Use the minimum modulus principle (suppose $f$ is a non-constant analytic function in a domain $D$, and that $a$ $\in$ $D$. a is not a local minimum point of $f$ unless $f(a)=0$). Use this fact to prove the fundamental theorem of algebra.
Here is my attempt:
Proof: Assume that $p(z)=a_0+a_1z+…….+a_nz^n$ for $n \geq 1$. Assume also that $p(z) \neq 0$ and that $p(z)$ has no root. Observe also that $p(z)$ is nonconstant. Now, let $f(z)=\frac{1}{p(z)}$. As $p(z)$ is analytic (because all polynomials are analytic) and as $p(z)$ is nonconstant, we have that $f(z)$ is a nonconstant analytic function on the domain $D$. Now let $a$ denote the local minimum point.
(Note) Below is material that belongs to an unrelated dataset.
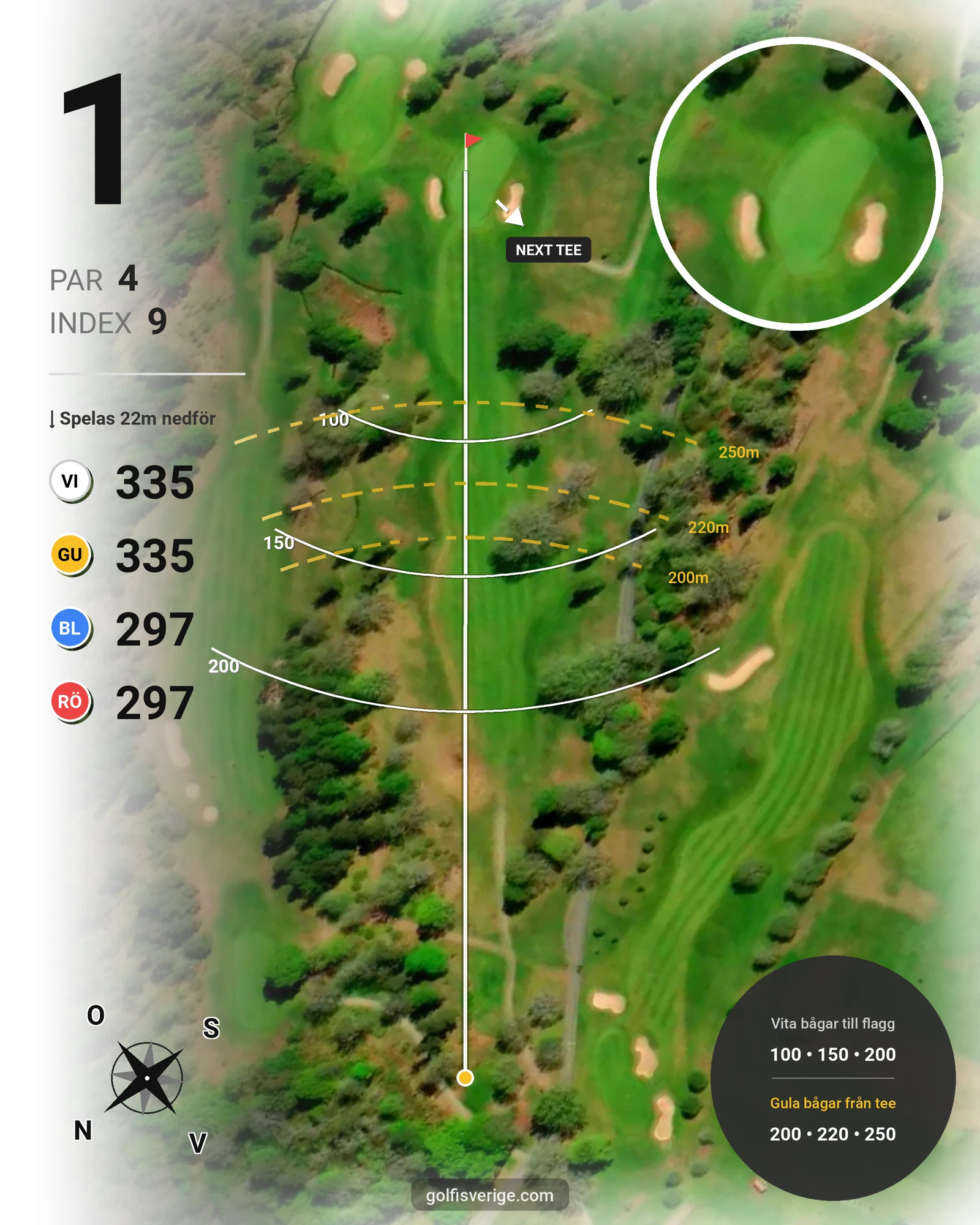 Banguide Skedhult 1 på Eksjö Golfklubb - Hål 1 karta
We then have $f(a)=0$. Thus $f(a)=\frac{1}{p(a)}=0$. But this is a contradiction as $p(z) \neq 0$ for all $z \in \mathbb{C}$.
Is this right, or on the right track? I have a feeling I made some leaps in logic.
Best Answer
You don't use explicitly the fact that $p$ is a polynomial function. Your reasoning seems work with the exponential function...
You have to prove that $p$ admits a local minimum, which requires using the fact that $p$ is algebraic.
EDIT: In fact you can prove that $p$ reaches a global minimum.